(Extracted records)
■ ■ ■ ■ ■ ■ ■

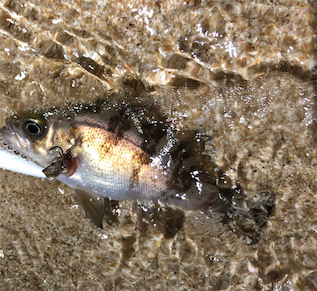 とあるサーフ&ゴロタのライトロック…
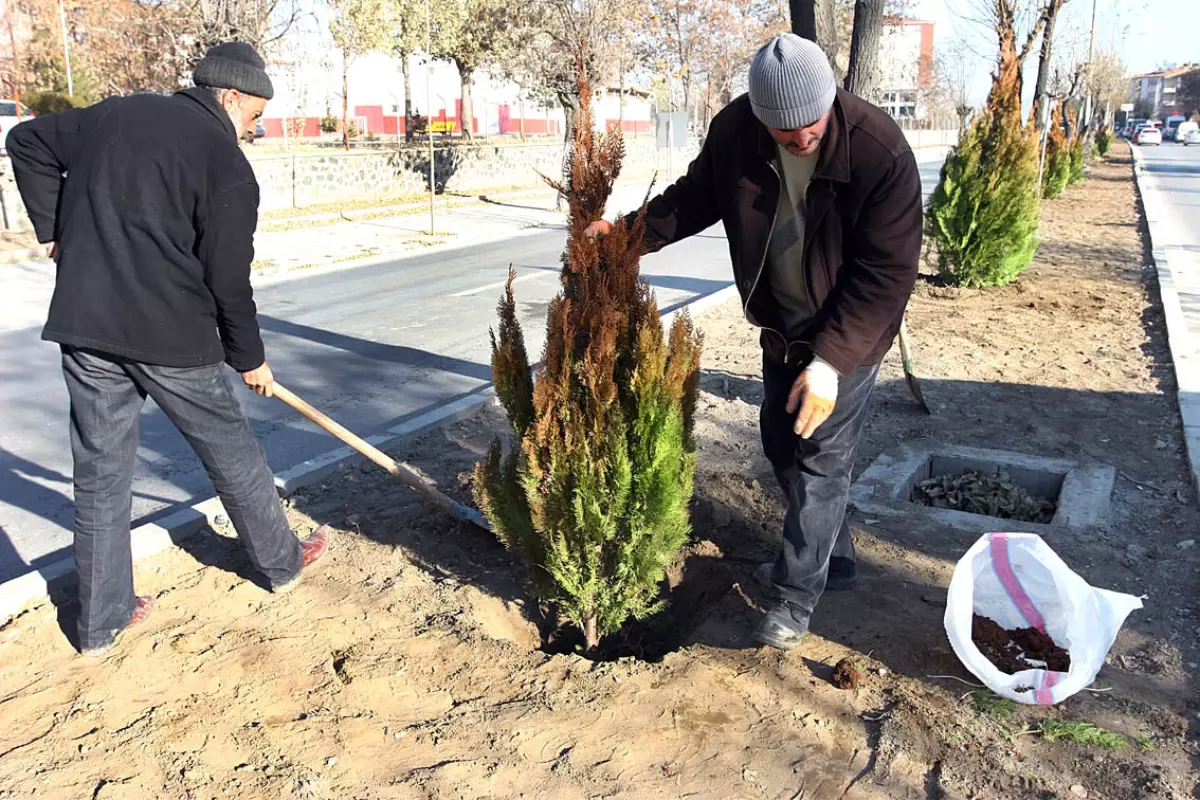 Başkan Selmanoğlu Ağaçlandırma Çalışmaları Sürüyor
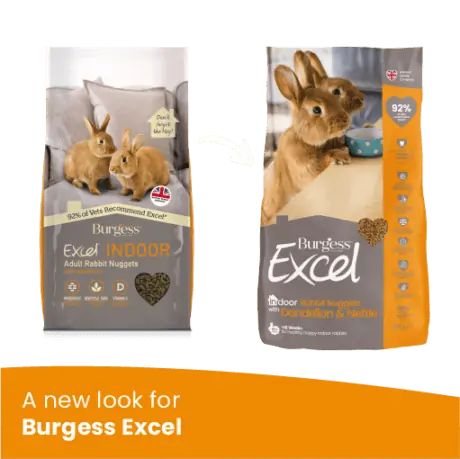 Burgess excel on sale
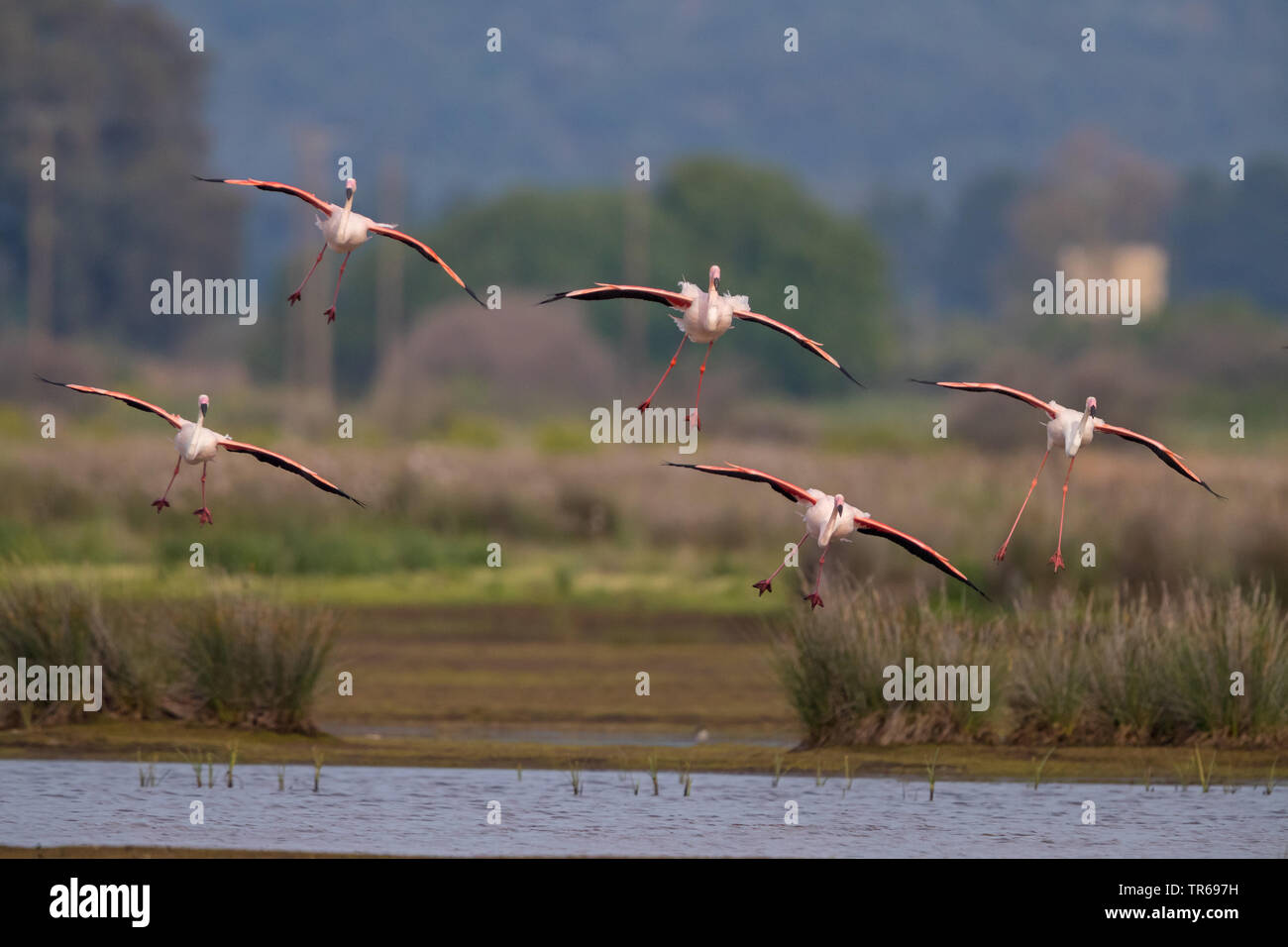 greater flamingo (Phoenicopterus roseus, Phoenicopterus ruber roseus), troop in approach, Greece, Lesbos Stock Photo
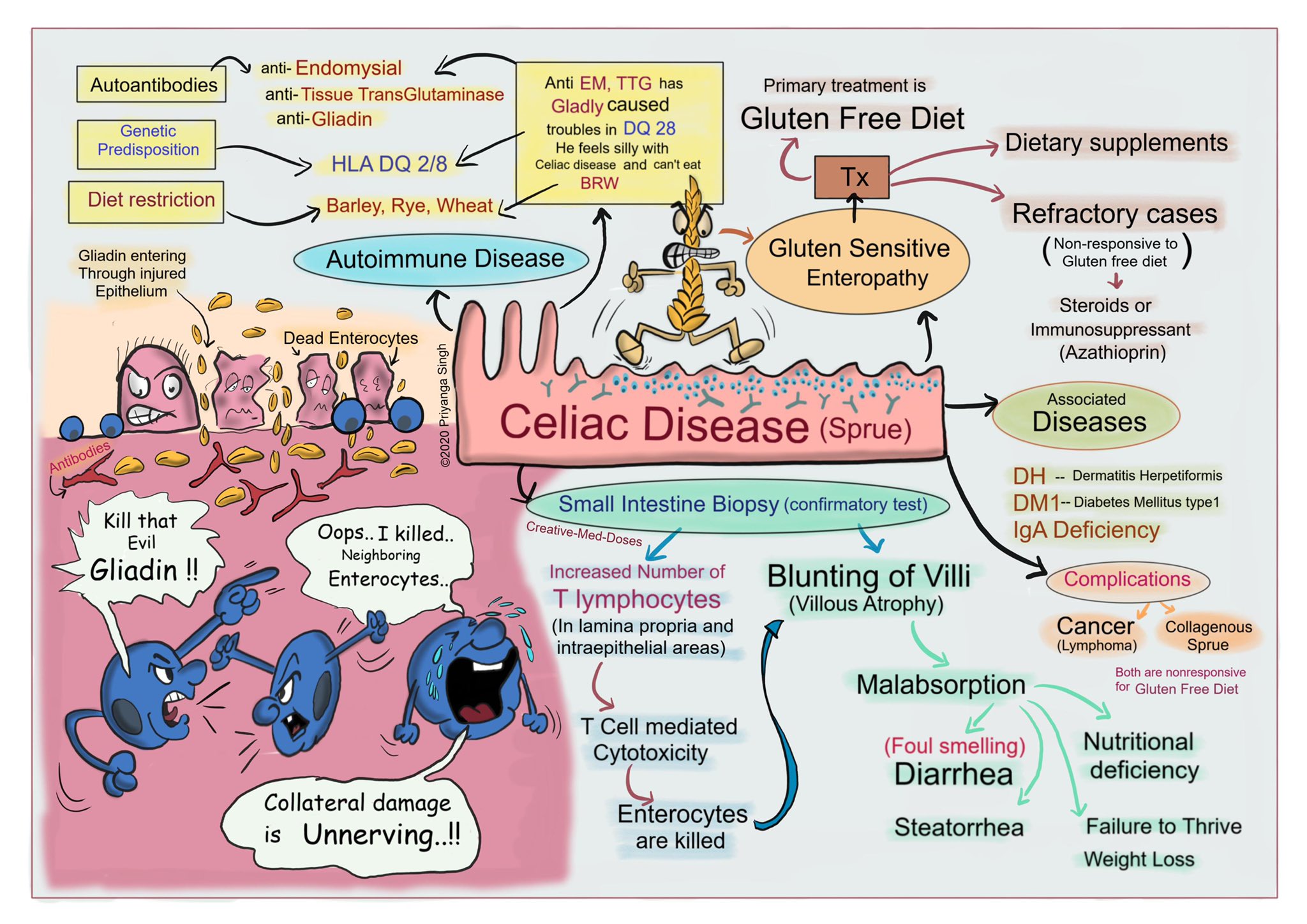 Sintomas de un celiaco si come gluten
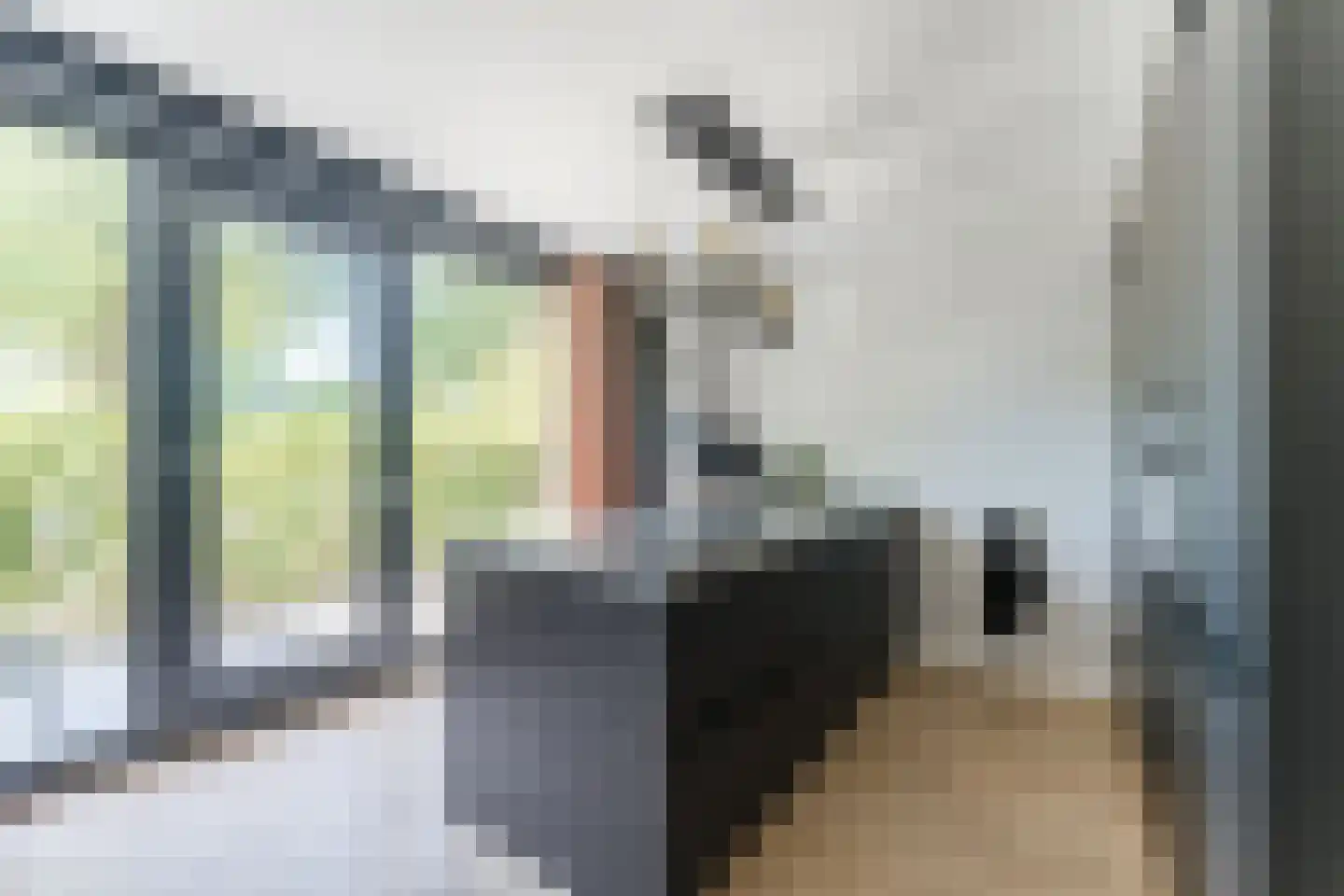 Presidentperenlaan 5 Vleuten thumbnail 30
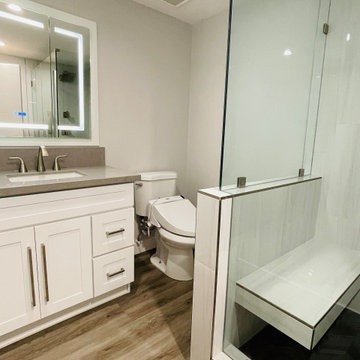 Modern Style Major Home Renovation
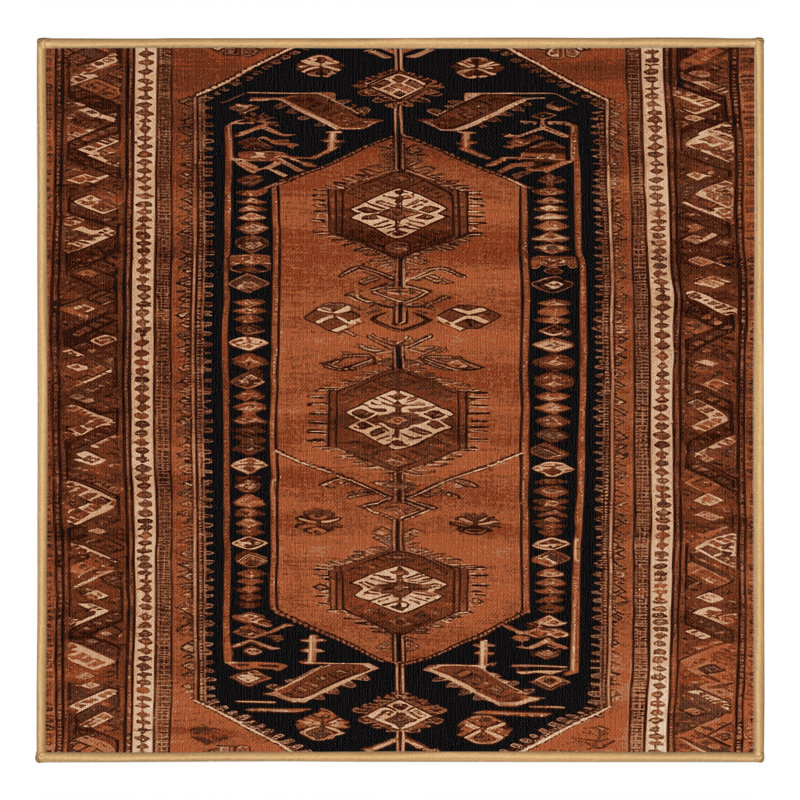 Machine Washable Turkish Brown Area Rug, Square 3'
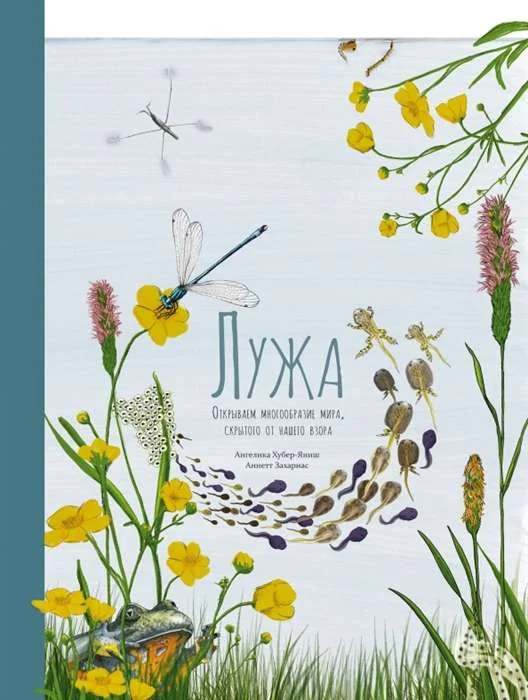 Обложка книги «Лужа. Открываем многообразие мира, скрытого от нашего взора»
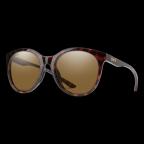 Bayside in Brown Sunglasses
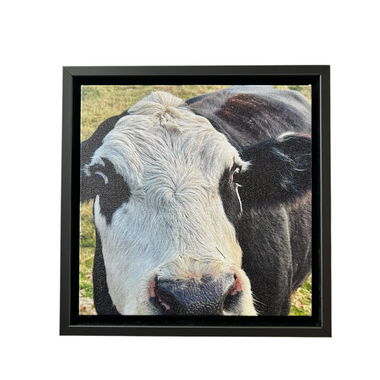 Cow Canvas Print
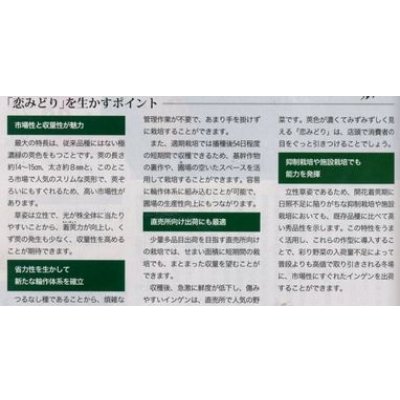 画像5: [いんげん]　恋みどり　1L　タキイ種苗(株)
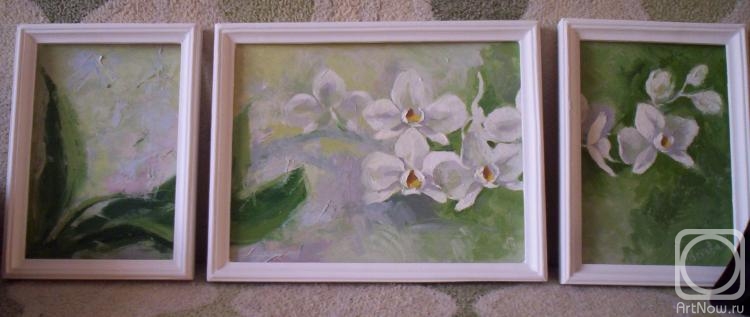 �������. ������� �����. ������� "����� �������"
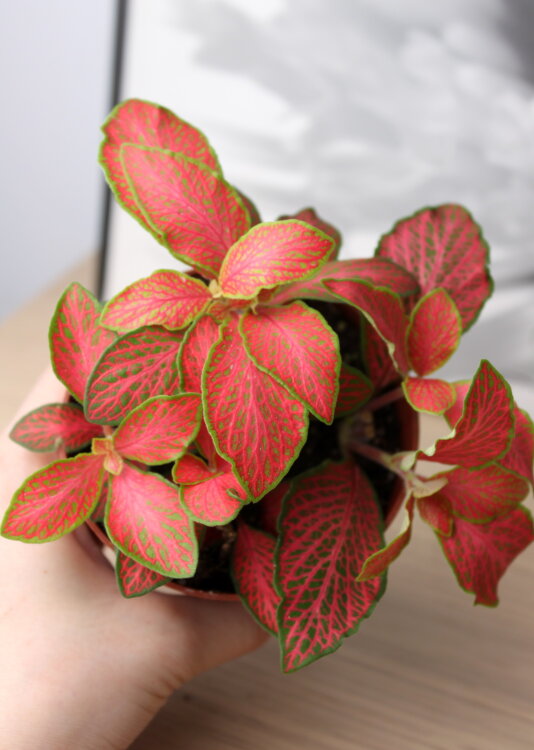 Фиттония красная Скелетон Ред 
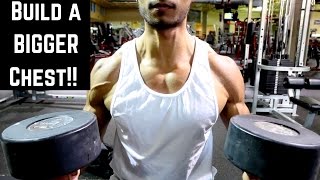 Full Chest Workout | My Routine To Build Up a Flat Chest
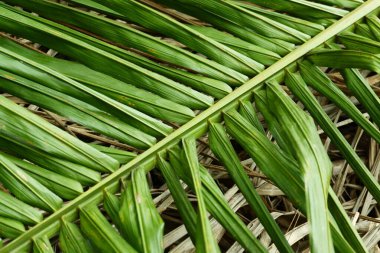 Palmiye yapraklarının soyut arkaplan dokusunun fotoğrafçılığı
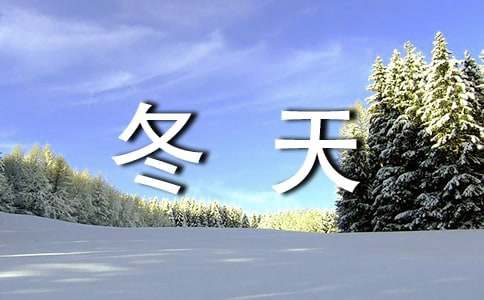 冬天的第一場雪小學生優秀作文200字（通用42篇）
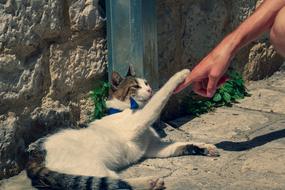 wonderful Cat Paw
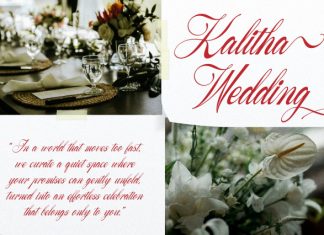 Yureika Glasious Classic Elegant Script Font preview image 2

■ ■ ■ ■ ■ ■ ■

* Work request
Start at the top of the entries and repeat each line exactly, ending at the line that contains "画像5: [いんげん]　恋みどり　1L　タキイ種苗(株)". Pictures are not part of the copy.

* Expected output
 とあるサーフ&ゴロタのライトロック…
 Başkan Selmanoğlu Ağaçlandırma Çalışmaları Sürüyor
 Burgess excel on sale
 greater flamingo (Phoenicopterus roseus, Phoenicopterus ruber roseus), troop in approach, Greece, Lesbos Stock Photo
 Sintomas de un celiaco si come gluten
 Presidentperenlaan 5 Vleuten thumbnail 30
 Modern Style Major Home Renovation
 Machine Washable Turkish Brown Area Rug, Square 3'
 Обложка книги «Лужа. Открываем многообразие мира, скрытого от нашего взора»
 Bayside in Brown Sunglasses
 Cow Canvas Print
 画像5: [いんげん]　恋みどり　1L　タキイ種苗(株)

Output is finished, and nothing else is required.